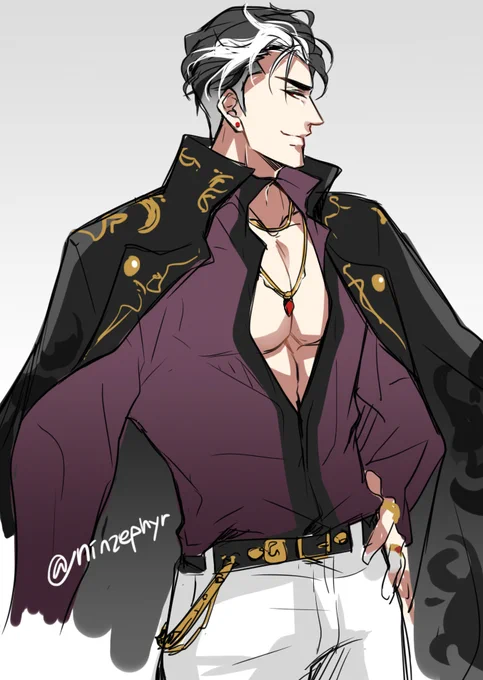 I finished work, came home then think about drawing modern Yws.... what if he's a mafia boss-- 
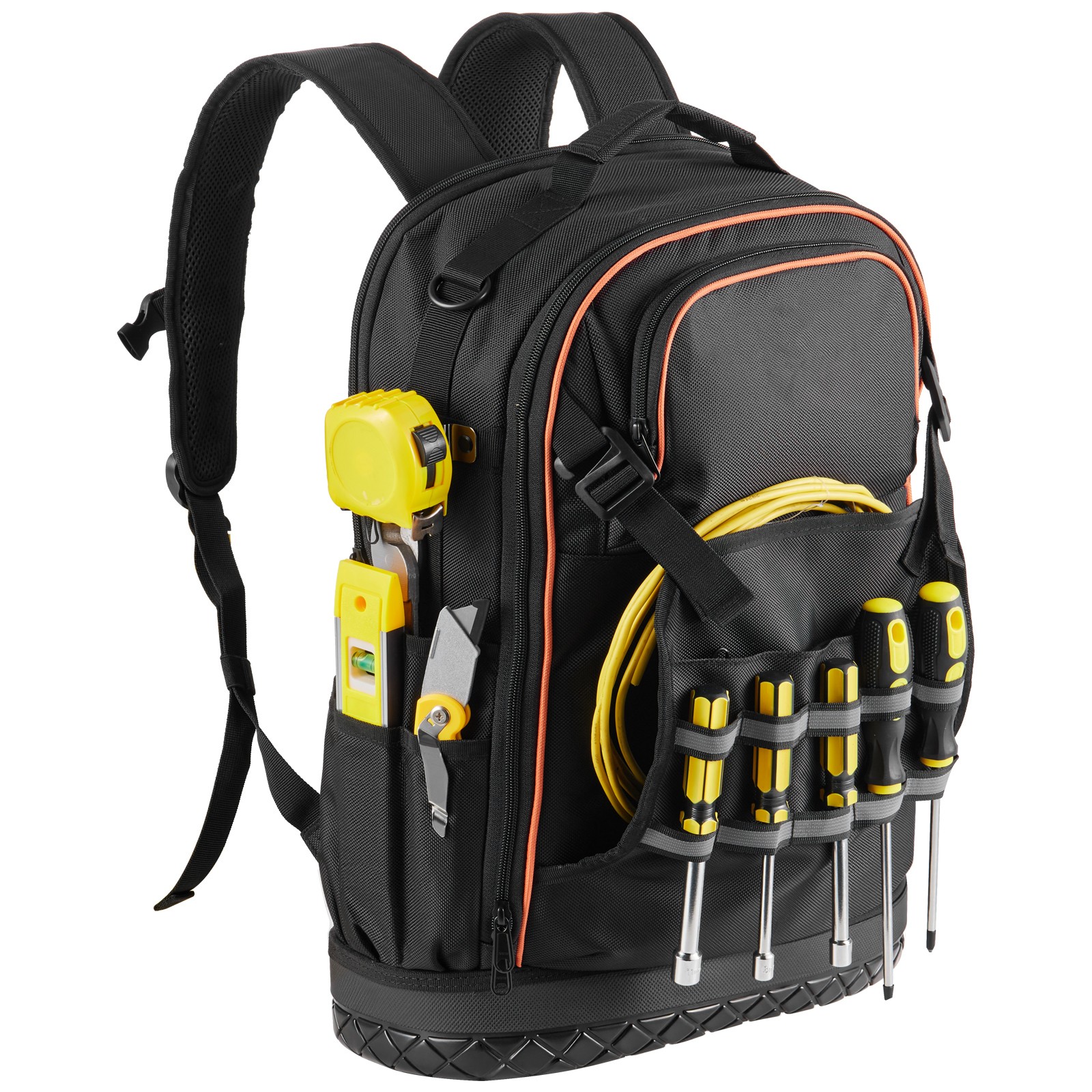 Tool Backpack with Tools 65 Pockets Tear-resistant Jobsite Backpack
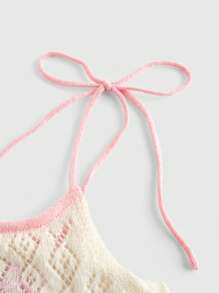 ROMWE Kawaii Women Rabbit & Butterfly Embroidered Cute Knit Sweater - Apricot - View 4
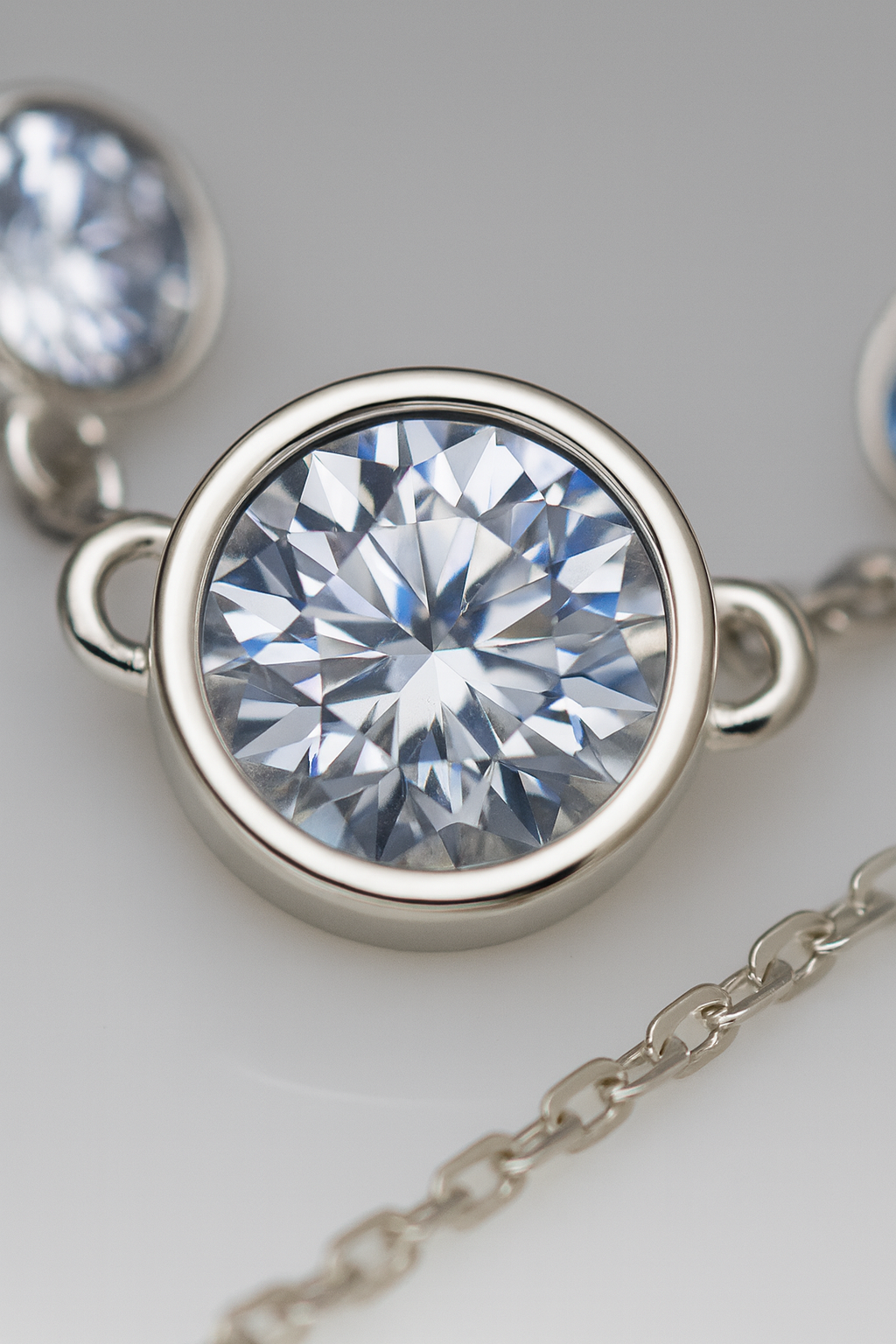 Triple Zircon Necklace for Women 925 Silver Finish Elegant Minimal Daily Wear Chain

### How to complete this task
Word for word, give again the lines from the line holding "ROMWE Kawaii Women" through the last line of the material, both included; pictures are not part of the copy.

### Result for this task
 ROMWE Kawaii Women Rabbit & Butterfly Embroidered Cute Knit Sweater - Apricot - View 4
 Triple Zircon Necklace for Women 925 Silver Finish Elegant Minimal Daily Wear Chain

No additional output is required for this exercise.